Lifehouse by Spider Robinson: Future humanity is sending back agents into the past with devices that will allow it to stealthily* download human minds and store human mind-states as they die. Eventually, the stored minds are to be taken back to the future and reactivated; they goal of future humanity is to eliminate death for everyone who ever lived.
- They can’t actually change the past in any noticeable way, or the universe disintegrates
Lest Darkness Fall by L. Sprague de Camp
S.M. Stirling’s Nantucket trilogy
Eric Flint’s Assiti Shards series
Leo Frankowski’s Conrad Stargard series
John Birmingham’s Axis of Time trilogy (arguably)
Time Out of Mind
Two protagonists, time-travel fantasy, ghost story, and murder mystery.
Well, the protagonist and his family and friends ended up better off. Sissy Clark didn’t exactly come out ahead.
For short-range time travel, Harry Potter and the Prisoner of Azkaban offers a case where time travel was unambiguously beneficial: it saved several innocent people from a fate worse than death, and a (mostly) innocent beast from death.
Loads of kids’ books.
The Amazing Mr Blunden (also published as The Ghosts) by Antonia Barber. Time travel saves lives!
Charlotte Sometimes by Penelope Farmer. The ‘good’ is less concrete, but the main character does end up more open and better able to make friends.
The Chimneys of Green Knowe by L.M. Boston, sort of. The general timeslippiness of the house is what gives the main character the chance to save the house from being sold, but it’s unclear whether he actually goes back in time or whether all the times sort of coexist.
I was way into back-in-time books as a kid.
Door Into Summer: a guy who was gotten rid of by being placed in cryostasis is able to go back in time and set things up so his adversaries’ victory is a hollow one and he himself turns out for the better.
Within the whole cycle of the five “Planet of the Apes” films made in the late 1960s early 1970s the last one “Battle of the Planet of the Apes” ended with humans and those damn dirty apes living together in harmony. So the time travel in the third movie did have a positive effect. But I haven’t seen the last three in over 30 years so I forget what changed …didn’t Caesar the ape leader find some old film of his parents??

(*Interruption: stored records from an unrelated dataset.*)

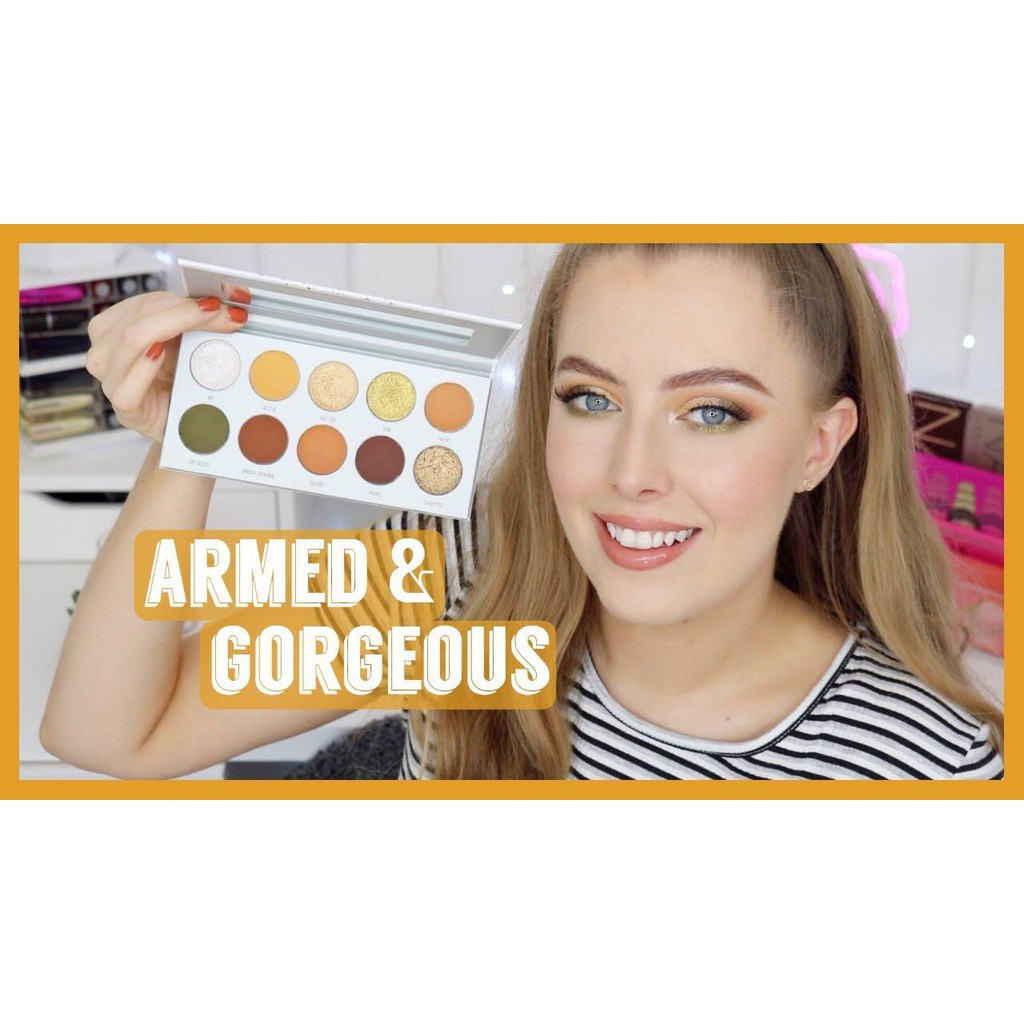 Bảng mắt Morphe Armed & gorgeous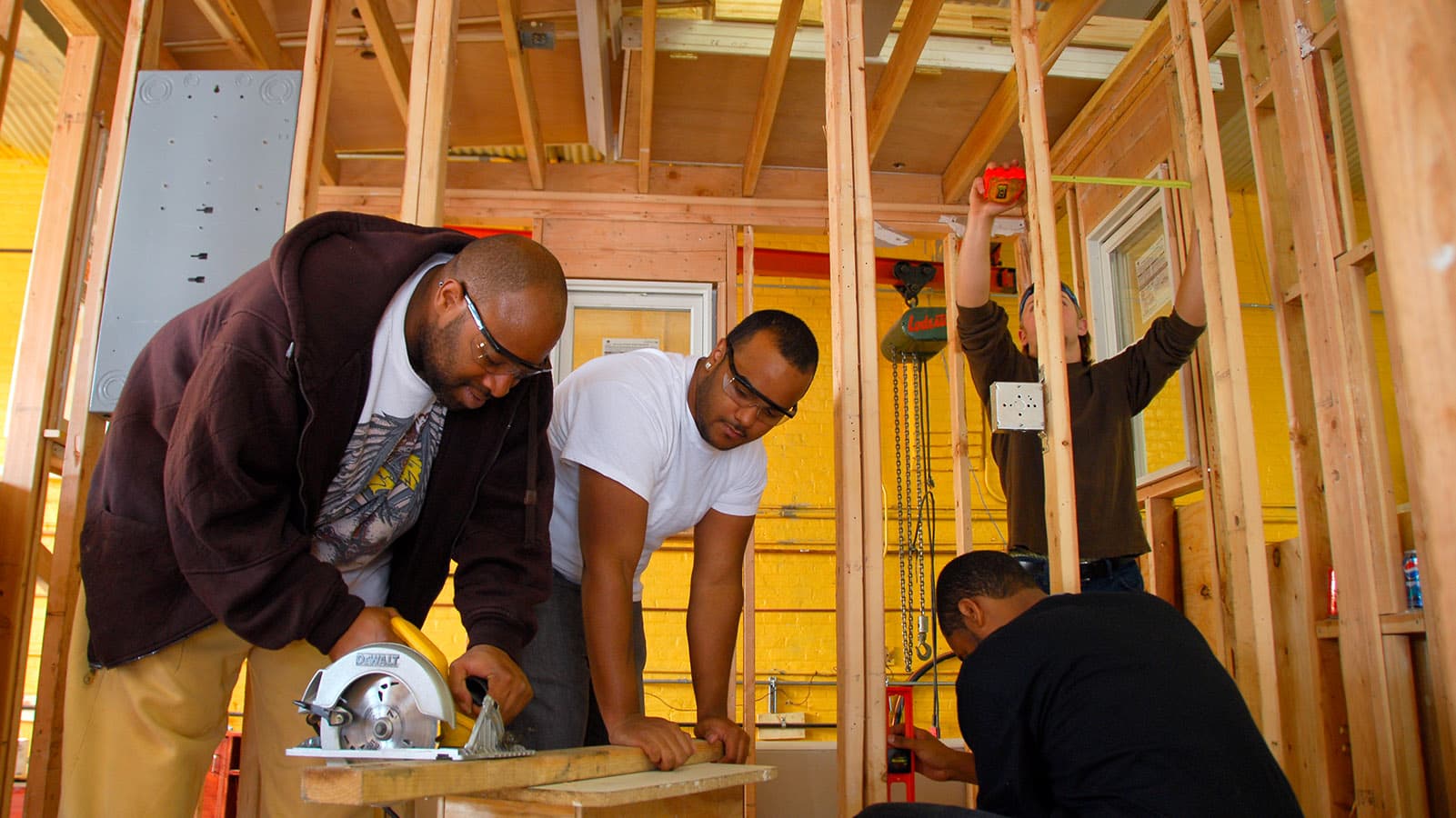 Building Maintenance Specialist program at Eastwick College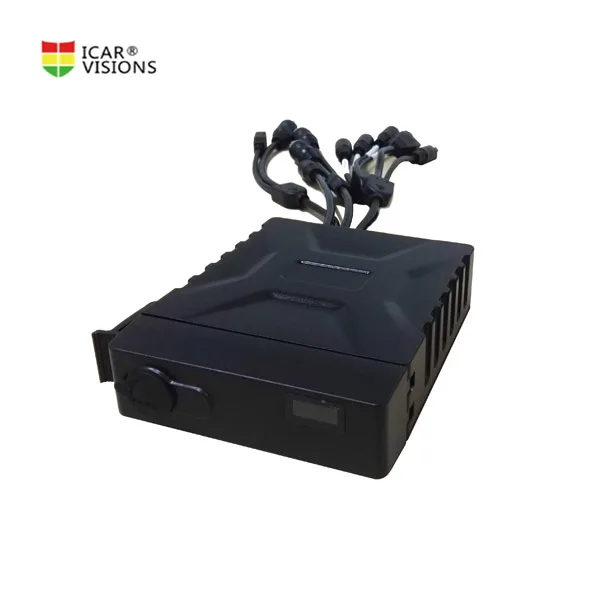 
Waterproof Mini MDVR 4CH H.264 AHD 720P Mobile DVR with GPS, 3G/4G, WiFi, MDVR CCTV Video Surveillance Recorder for Van Car 
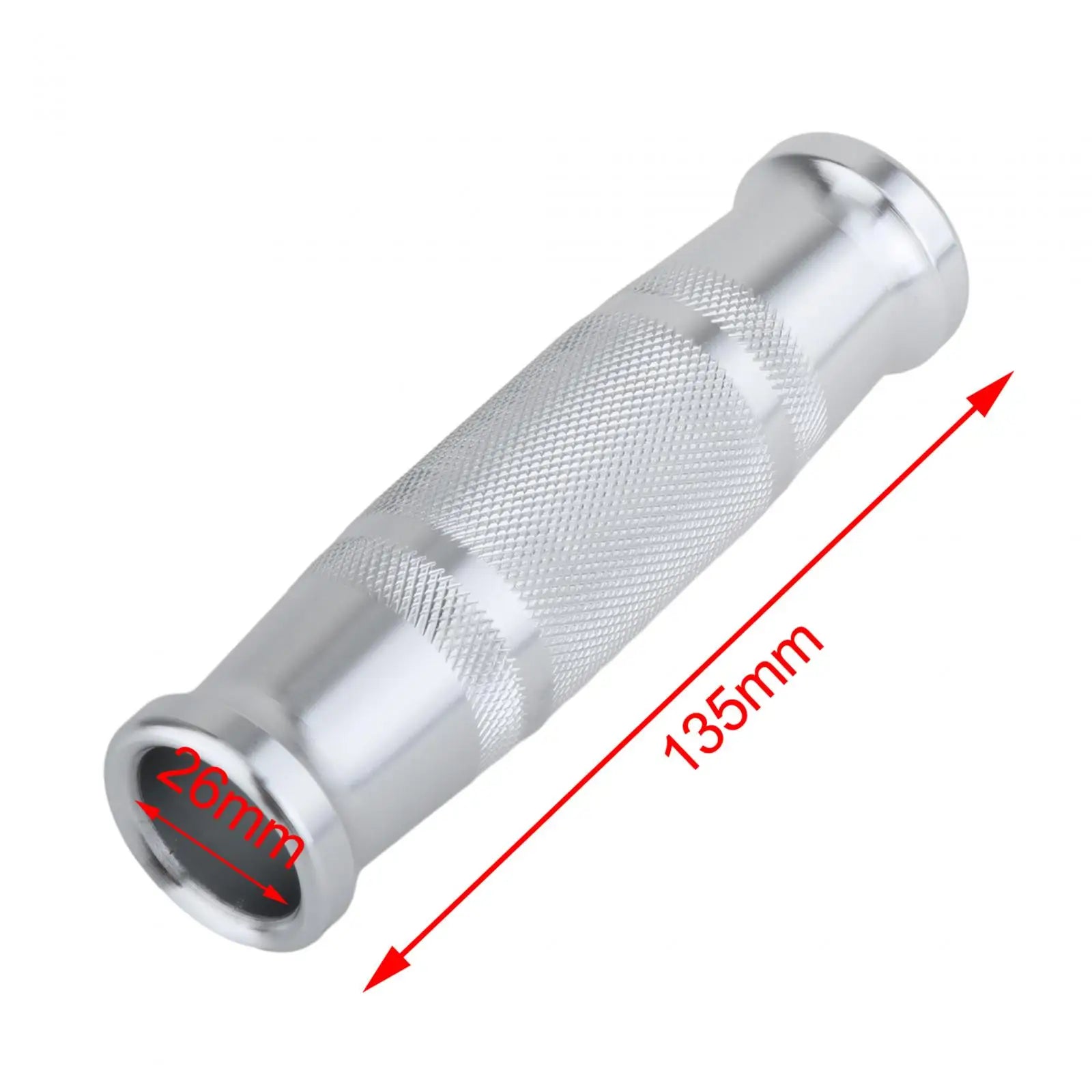 Aluminum Alloy Handle Strong Handgrips Exercise Handles Hand Grips Cover for Fitness Workout Training Exercise Muscle Building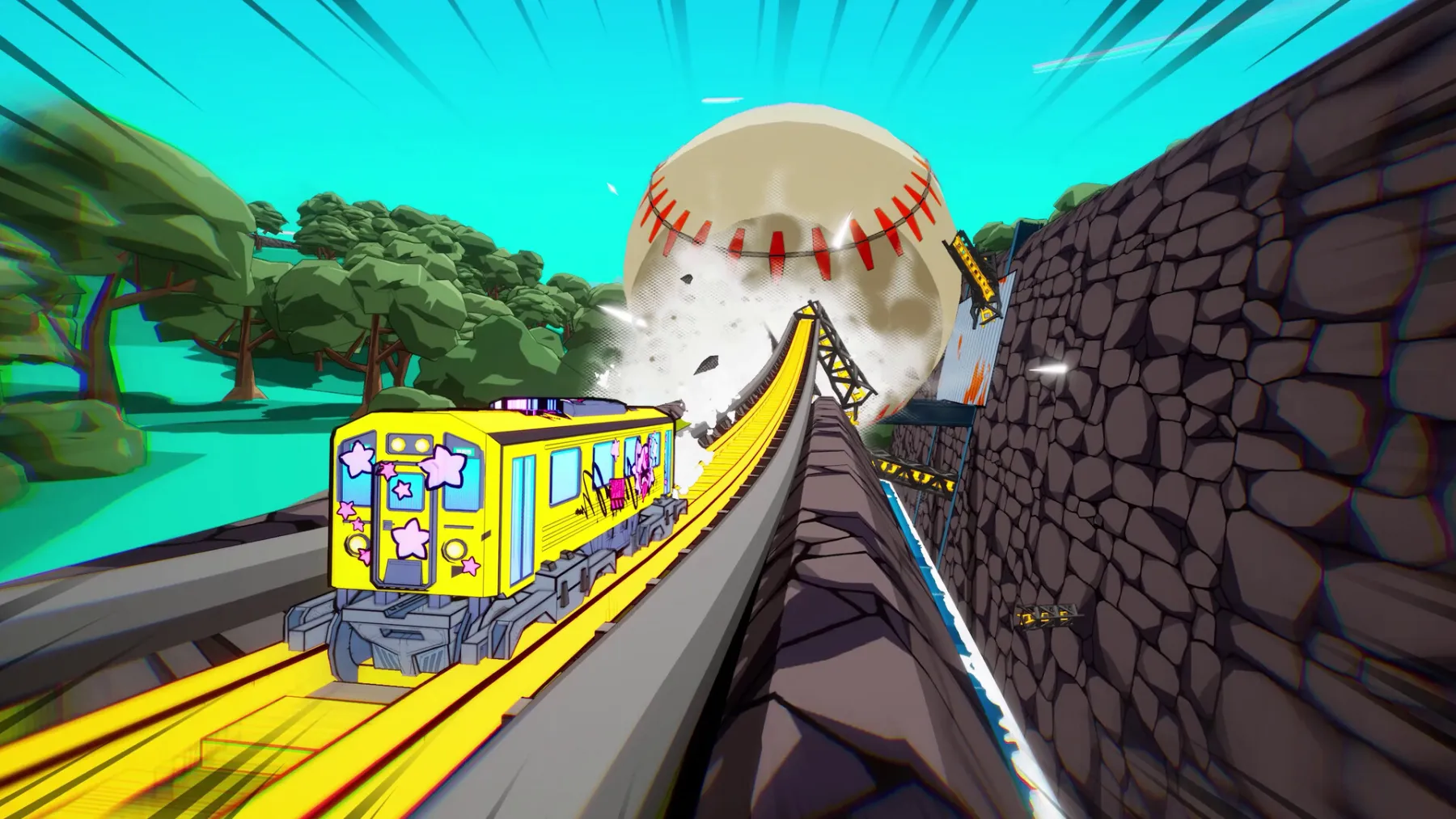 Image du jeu Denshattack!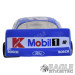 1:24 Scale RTR, 4" Cheetah 21 Chassis, Hawk 7, 64 Pitch, Stock Car, Ford Custom Body, Mobil 1 #12 Livery-JK204171CP12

Ah yes, the old Time Tunnel tv show. Wasn’t there one when they ended up at the battle of Khartoum in the 19th century and prevent aliens from launching nuclear weapons against the earthlings with the help of an incredulous British officer throwing hand grenades attached to rope?
I remember hearing of a rock novel some twenty years ago when someone went back in time to get legendary recordings made that never happened (or not at the time such as the Beach Boys
“Smile”). Called “Glimpses” or something like that.
There was a great episode of The Outer Limits called “Demon With a Glass Hand” that ended very well for humanity though not for the hero, played by Robert Culp.
It may have inspired The Terminator.
Diana Gabaldon’s Outlander series is about a woman who goes back in time…
…not once, but twice, because it’s such a good thing for her.
Eric Flint’s 1632 series is about a whole town that’s transported back in time. Whether it’s good or not is debatable, and arguably one of the themes of the series.
The point of divergence was when Caesar and the other apes learned that Caesar’s son had been murdered by Aldo, showing that humans didn’t have a monopoly on original sin, and leading Caesar to grant the humans equality. We see the Lawgiver centuries later preaching to both ape and human children, whereas in the original timeline the Lawgiver had preached that humans were irredeemably evil.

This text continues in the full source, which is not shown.